O presidente da Anatel (Agência Nacional de Telecomunicações), Juarez Quadros, afirma que o projeto que altera o marco legal do setor de telecomunicações é a
única saída para a União se livrar de um "mico".
Pela proposta, haverá a troca dos bens da concessão por novos investimentos a serem feitos pelas empresas quando houver a mudança de regime para autorização.
Senadores de oposição foram ao STF para barrar a tramitação da proposta que, segundo eles, é "um presente para as teles". A decisão será tomada pela ministra Carmen Lúcia, presidente do STF, na virada do ano, depois que o presidente do Senado, Renan Calheiros, se pronunciar sobre o assunto.
Folha - Esse projeto [troca dos bens da concessão por novos investimentos] é um "presente para as teles", como diz a oposição?
Juarez Quadros - Esse projeto livra a União de um 'mico'. A telefonia fixa, serviço prestado hoje em regime de concessão, está em franco declínio, no mundo e no Brasil. Pelos meus cálculos, em 2021, mais da metade das linhas fixas em uso será de empresas que operam com autorizações [como a Net]. Se o projeto não for sancionado, quando os contratos de concessão vencerem, em 2025, a União receberá de volta uma rede obsoleta e com pouquíssimos clientes.
Por que esse grupo é contra?
O que posso dizer é que esse projeto livra a União de um ônus. O número de assinantes da rede fixa vem caindo desde 2009. Houve uma recuperação, em 2015, quando chegamos a 44,4 milhões. Hoje já são 42 milhões. No mundo, só o Brasil, a Turquia e o Peru operam a telefonia fixa sob concessão.
Imagine se, em 2025, as empresas não quiserem renovar os contratos. Qual empresa vai querer operar uma rede ultrapassada e sem clientes?
A oposição afirma que, com a nova lei, a União abre mão de cerca de R$ 100 bilhões em favor das teles.
Pela Lei Geral de Telecomunicações em vigor [e que está sendo modificada agora], quando as teles venceram os leilões de privatização, ficaram com os bens e só devolveriam à União aqueles essencialmente ligados à prestação da telefonia fixa. Naquela época, o valor desses bens era de cerca de R$ 100 bilhões. Hoje, não valem nem R$ 20 bilhões. A Anatel calculará exatamente o valor seis meses depois de sancionada a lei.
Além da depreciação desses bens, as centrais foram modernizadas e ficaram cada vez menores. Prédios gigantescos que antes serviam para acomodar esses equipamentos estão vazios, só gerando custos desnecessários.
A questão então é política?
Sim, mas não creio que seja partidária. Mesmo no PT há divisão sobre o tema.
O projeto prevê renovação quase automática de contratos e de licenças de radiofrequência em troca de investimentos em internet. Não seria esse o 'presente' de que falam os senadores?

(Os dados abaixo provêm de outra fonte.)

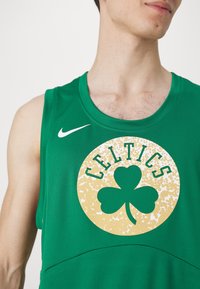 Homme portant un maillot de basketball vert des Boston Celtics avec logo de trèfle et swoosh Nike sur fond blanc.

Não existe presente. Tudo será feito a título oneroso para as teles. Primeiro, vamos trocar os valores dos bens reversíveis em investimentos em banda larga em locais onde os acessos ainda forem precários. Isso é defender o interesse do consumidor. Quando deputados, senadores e governadores vêm aqui [na Anatel], eles reclamam da falta de sinal de 4G [tecnologia para internet rápida via celular] em suas cidades. Ninguém fala de orelhão, de telefone fixo. Além disso, terão de pagar pela troca de regime e pela renovação dos contratos.
A presidente Dilma Rousseff tentou promover essa mudança. Por que não foi adiante?
O governo deveria ter promovido essa mudança em 2010. Desde lá já se via a depreciação acelerada do serviço de telefonia fixa, que não tem como concorrer com a internet. Hoje as pessoas fazem chamadas telefônicas pelo WhatsApp, por aplicativos que rodam sobre a rede de dados, que é privada e foi construída em paralelo pelas operadoras [inclusive concessionárias]. Essa troca de bens por investimentos em internet foi levada pelo então ministro Paulo Bernardo (Comunicações) à presidente [Dilma] em 2015. Mas não havia ambiente político.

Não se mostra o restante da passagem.